Connect by using a Pachyderm context

You can specify an IP address that you use to connect to the Pachyderm UI and the S3 gateway by storing that address in the Pachyderm configuration file as the pachd_address parameter. If you have already deployed a Pachyderm cluster, you can set a Pachyderm IP address by updating your cluster configuration file.

This configuration is supported for deployments that do not have a firewall set up between the Pachyderm cluster deployed in the cloud and the client machine. Defining a dedicated pachd IP address and host is a more reliable way that might also result in better performance compared to port-forwarding. Therefore, Pachyderm recommends that you use contexts in all production environments.

This configuration requires that you deploy an ingress controller and a reliable security method to protect the traffic between the Pachyderm pods and your client machine. Remember that exposing your traffic through a public ingress might create a security issue. Therefore, if you expose your pachd endpoint, you need to make sure that you take steps to protect the endpoint and traffic against common container security threats. Port-forwarding might be an alternative which might result in sufficient performance if you place the data that is consumed by your pipeline in object store buckets located in the same region.

For more information about Pachyderm contexts, see Manage Cluster Access.

To connect by using a Pachyderm context, complete the following steps:

  1. Get the current context:

    $ pachctl config get active-context
    

    This command returns the name of the currently active context. Use this as the argument to the command below.

    If no IP address is set up for this cluster, you get the following output:

    $ pachctl config get context <name>
    {
    
    }
    
  2. Set up pachd_address:

    $ pachctl config update context <name> --pachd-address <host:port>
    

    Example:

    $ pachctl config update context local --pachd-address 192.168.1.15:30650
    

    Note: By default, the pachd port is 30650.

  3. Verify that the configuration has been updated:

    $ pachctl config get context local
    {
       "pachd_address": "192.168.1.15:30650"
    }
    

Connect by Using Port-Forwarding

The Pachyderm port-forwarding is the simplest way to enable cluster access and test basic Pachyderm functionality. Pachyderm automatically starts port-forwarding from pachctl to pachd.
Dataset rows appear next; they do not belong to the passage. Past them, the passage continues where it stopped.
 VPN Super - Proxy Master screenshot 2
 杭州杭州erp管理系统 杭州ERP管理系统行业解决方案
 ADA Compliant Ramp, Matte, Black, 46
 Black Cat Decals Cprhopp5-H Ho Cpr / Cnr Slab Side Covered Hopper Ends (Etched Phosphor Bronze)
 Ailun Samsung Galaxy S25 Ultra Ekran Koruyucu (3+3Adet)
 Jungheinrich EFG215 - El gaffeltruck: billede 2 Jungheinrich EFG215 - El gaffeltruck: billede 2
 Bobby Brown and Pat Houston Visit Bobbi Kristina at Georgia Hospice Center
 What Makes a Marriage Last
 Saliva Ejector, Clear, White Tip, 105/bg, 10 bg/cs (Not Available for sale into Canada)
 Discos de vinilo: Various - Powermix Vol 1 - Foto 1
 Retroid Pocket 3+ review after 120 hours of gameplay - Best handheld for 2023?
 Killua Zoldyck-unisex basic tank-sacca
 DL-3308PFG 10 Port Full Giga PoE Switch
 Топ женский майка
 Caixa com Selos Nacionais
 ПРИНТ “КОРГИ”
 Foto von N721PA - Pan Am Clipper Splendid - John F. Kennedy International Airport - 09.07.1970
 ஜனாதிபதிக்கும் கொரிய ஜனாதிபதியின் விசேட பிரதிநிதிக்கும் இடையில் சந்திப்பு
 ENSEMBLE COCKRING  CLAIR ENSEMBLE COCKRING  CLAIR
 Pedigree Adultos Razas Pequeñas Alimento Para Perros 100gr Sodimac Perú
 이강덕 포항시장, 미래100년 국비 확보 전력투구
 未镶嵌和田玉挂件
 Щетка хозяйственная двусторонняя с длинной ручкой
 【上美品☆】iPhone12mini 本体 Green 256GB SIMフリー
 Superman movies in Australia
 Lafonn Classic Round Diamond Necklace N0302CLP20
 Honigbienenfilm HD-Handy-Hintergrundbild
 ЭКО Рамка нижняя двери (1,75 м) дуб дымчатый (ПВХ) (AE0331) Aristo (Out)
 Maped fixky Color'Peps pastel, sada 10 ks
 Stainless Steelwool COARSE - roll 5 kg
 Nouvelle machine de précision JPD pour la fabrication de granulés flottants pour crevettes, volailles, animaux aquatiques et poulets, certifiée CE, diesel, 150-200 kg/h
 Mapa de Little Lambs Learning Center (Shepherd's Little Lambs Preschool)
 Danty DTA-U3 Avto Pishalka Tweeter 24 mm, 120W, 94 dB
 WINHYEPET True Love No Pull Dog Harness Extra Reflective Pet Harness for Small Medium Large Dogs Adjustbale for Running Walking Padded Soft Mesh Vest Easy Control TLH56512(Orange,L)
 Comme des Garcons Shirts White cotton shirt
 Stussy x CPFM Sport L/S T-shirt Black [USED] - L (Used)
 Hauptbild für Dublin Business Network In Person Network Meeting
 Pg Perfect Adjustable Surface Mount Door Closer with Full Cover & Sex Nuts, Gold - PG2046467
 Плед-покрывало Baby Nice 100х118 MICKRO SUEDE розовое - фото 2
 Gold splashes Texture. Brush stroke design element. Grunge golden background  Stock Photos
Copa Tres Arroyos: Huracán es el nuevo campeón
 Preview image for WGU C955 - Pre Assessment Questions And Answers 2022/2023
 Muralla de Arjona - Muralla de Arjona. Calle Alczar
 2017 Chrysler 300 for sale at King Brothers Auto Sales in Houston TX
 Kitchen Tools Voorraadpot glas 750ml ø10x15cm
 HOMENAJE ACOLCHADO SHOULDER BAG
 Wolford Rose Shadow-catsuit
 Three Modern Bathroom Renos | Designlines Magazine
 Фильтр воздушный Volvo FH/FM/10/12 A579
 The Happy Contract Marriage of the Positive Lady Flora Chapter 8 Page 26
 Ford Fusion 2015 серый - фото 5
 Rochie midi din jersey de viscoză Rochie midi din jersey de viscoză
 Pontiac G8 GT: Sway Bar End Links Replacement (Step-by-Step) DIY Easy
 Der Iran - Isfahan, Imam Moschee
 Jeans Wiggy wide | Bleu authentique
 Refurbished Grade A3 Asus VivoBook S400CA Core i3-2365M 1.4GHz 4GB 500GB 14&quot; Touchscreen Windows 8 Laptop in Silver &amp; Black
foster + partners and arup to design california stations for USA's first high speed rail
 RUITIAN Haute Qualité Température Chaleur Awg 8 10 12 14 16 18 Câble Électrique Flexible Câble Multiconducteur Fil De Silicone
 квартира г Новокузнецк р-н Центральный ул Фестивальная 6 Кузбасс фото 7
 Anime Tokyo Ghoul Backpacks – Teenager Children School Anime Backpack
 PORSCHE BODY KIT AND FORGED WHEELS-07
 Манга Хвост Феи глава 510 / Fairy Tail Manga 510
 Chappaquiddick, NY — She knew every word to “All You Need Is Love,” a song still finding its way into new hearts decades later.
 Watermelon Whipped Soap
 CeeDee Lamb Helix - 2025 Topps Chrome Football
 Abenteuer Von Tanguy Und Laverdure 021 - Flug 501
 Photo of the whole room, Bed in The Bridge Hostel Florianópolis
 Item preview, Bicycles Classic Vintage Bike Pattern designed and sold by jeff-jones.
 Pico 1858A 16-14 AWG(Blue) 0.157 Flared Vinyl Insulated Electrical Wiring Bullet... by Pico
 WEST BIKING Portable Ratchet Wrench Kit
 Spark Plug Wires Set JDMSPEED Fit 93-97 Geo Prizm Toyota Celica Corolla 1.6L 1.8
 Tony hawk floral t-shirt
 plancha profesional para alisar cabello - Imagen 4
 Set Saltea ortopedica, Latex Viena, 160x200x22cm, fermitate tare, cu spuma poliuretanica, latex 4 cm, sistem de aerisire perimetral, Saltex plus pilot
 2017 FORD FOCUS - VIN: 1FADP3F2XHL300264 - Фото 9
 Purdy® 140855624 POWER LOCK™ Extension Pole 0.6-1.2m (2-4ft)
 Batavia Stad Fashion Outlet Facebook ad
Therefore, the traffic from the local machine goes to the pachd endpoint through the Kubernetes API. However, to open a persistent tunnel to other ports, including the Pachyderm dashboard, git and authentication hooks, the built-in HTTP file API, and other, you need to run port-forwarding explicitly.

Also, if you are connecting with port-forward, you are using the 0.0.0.0. Therefore, if you are using a proxy, it needs to handle that appropriately.

Although port-forwarding is convenient for testing, for production environments, this connection might be too slow and unreliable. The speed of the port-forwarded traffic is limited to 1 MB/s. Therefore, if you experience high latency with put file and get file operations, or if you anticipate high throughput in your Pachyderm environment, you need to enable ingress access to your Kubernetes cluster. Each cloud provider has its own requirements and procedures for enabling ingress controller and load balancing traffic at the application layer for better performance.

Remember that exposing your traffic through a public ingress might create a security issue. Therefore, if you expose your pachd endpoint, you need to make that you take steps to protect the endpoint and traffic against common container security threats. Port-forwarding might be an alternative which might provide satisfactory performance if you place the data that is consumed by your pipeline in object store buckets located in the same region.

To enable port-forwarding, complete the following steps:

  1. Open a new terminal window.

  2. Run:

    $ pachctl port-forward
    

    This command does not stop unless you manually interrupt it. You can run other pachctl commands from another window. If any of your pachctl commands hang, verify if the kubectl port-forwarding has had issues that prevent pachctl port-forward from running properly.